Published: Thursday, March 08, 2018 @ 10:33 AM

Dunbar beats Fenwick in tournament game they fought to re-enter

After winning in court, the Dunbar boys’ basketball team won on the court last night against Fenwick. 

I wasn’t there, but it sounds like it was a fairly strange game. 

The Wolverines prevailed 27-26 in a game that had more standing than playing in the second half. 

Via Marc Pendleton

Fittingly, the game also was an oddity. Fenwick (17-7) was packed in a tight zone defense like it had mostly used to win a Greater Catholic League Co-Ed North championship. Dunbar hoped to draw the Falcons out by holding the ball.

Instead, the final four minutes of the third quarter and the opening five minutes of the fourth quarter were spent with Dunbar players standing still with the ball and Fenwick defenders watching motionless. 

This of course will draw more calls for the OHSAA to implement a shot clock, something it should not do. 

The shot clock works, sort of, in the NBA because the players are so incredibly talented — most importantly because almost everyone can shoot, which is the opposite of how things are at every other level of basketball. 

»RELATED: Dayton, OHSAA in war of words after Dunbar legal victory

Since NBA players can consistently finish possessions successfully out of a variety of situations, the game remains entertaining. 

That league still endured a noticeable scoring dip and terrible pace-of-play issues in the late 1990s and early 2000s, though, which is further proof the shot clock isn’t an answer for anyone else. 

It brings diminishing returns because it punishes teams that are good at running offense and rewards those who just want to muck things up by forcing teams to shoot even when there is no shot to take. 

Who said there should be a time limit on how long a team has to play good defense? 

Like anyone else, I don’t want to see a team simply hold the ball, but that can be prevented by guarding them. 

And if a team is able to play keep away while being closely guarded?

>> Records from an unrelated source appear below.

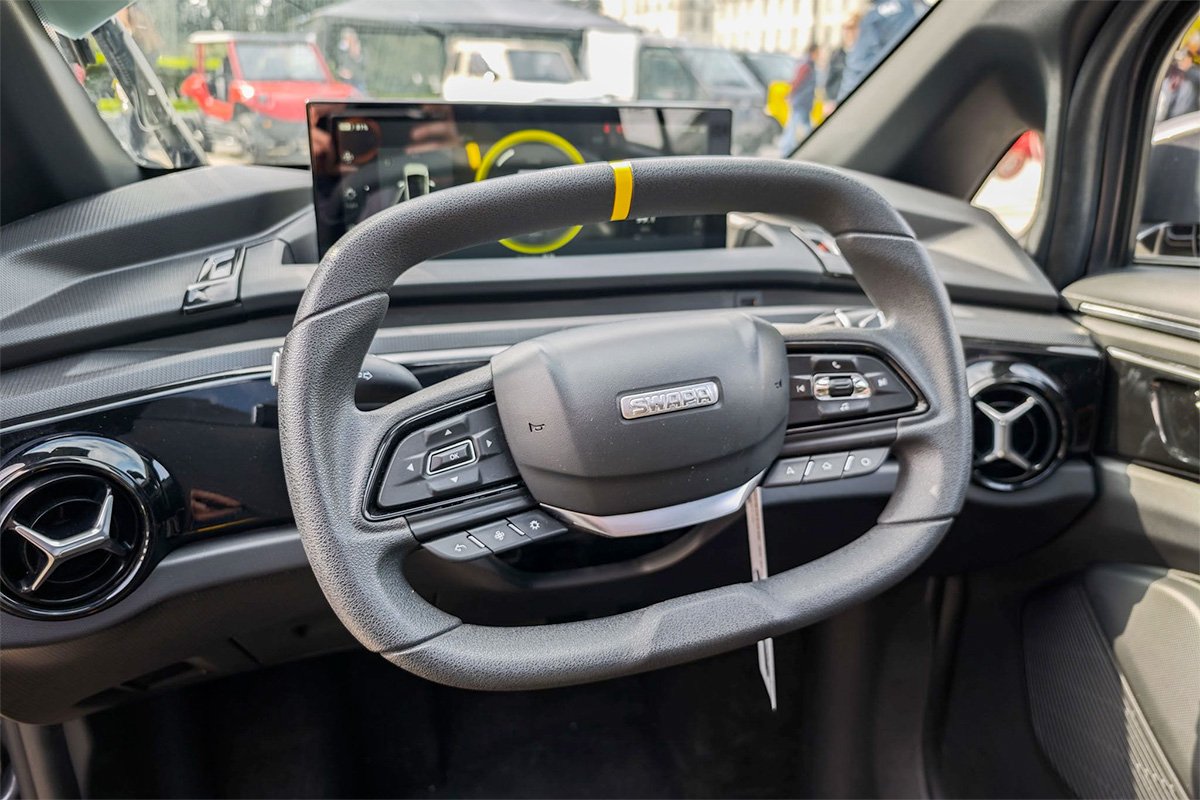 SWAPA ZIP Compact EV Dashboard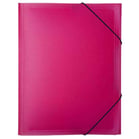 Snoddmapp PP A4 rosa/transparent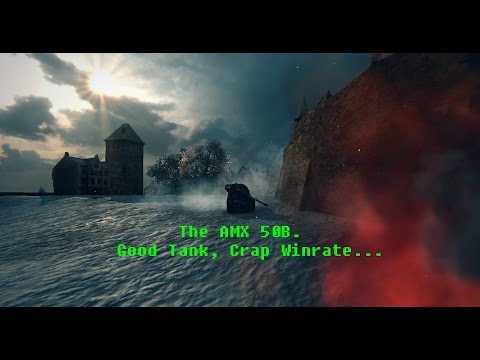 WoT with Gjtjuh7! AMX 50B Ace tanker in the 4th game!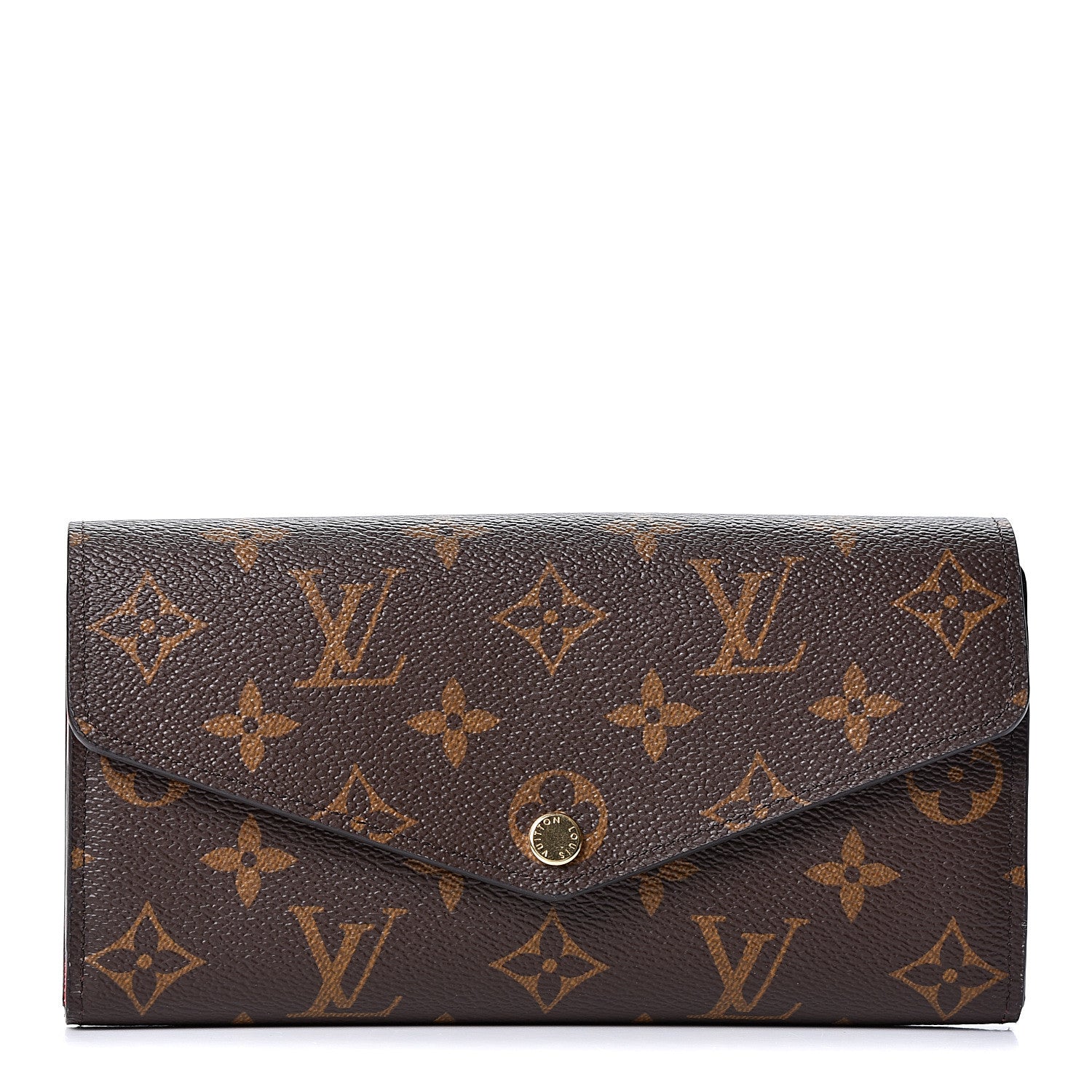 Louis Vuitton Monogram Sarah Wallet NM Coquelicot 1 of 9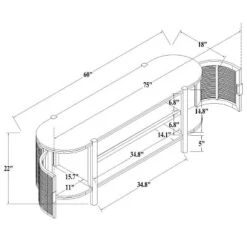 Portola Hills Caned Door TV Stand For TVs Up To 60" - Threshold™ Designed With Studio McGee -Threshold Furniture Outlet GUEST a0956830 d71f 43eb 95fa 09eff023a340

More power to them. Handling the ball and passing are basketball skills just as much as shooting. It’s all part of the game. 

College coaches who want to still manage to play a slow-down game, and scoring at that level was higher before the shot clock was installed. 

The recent scoring uptick in college are more from actually calling fouls (and many teams responding by playing less physically) than by shaving five seconds off the shot clock. 

The only way for a shot clock to have a significant effect on pace of play is to be so short that teams don’t have time to set up an offense at all, which I’ve never seen anyone advocate. 

As mentioned, the remedy for teams holding the ball is already in place thanks to the five-second rule. 

Fenwick knew what it was doing when it got into a zone last night. 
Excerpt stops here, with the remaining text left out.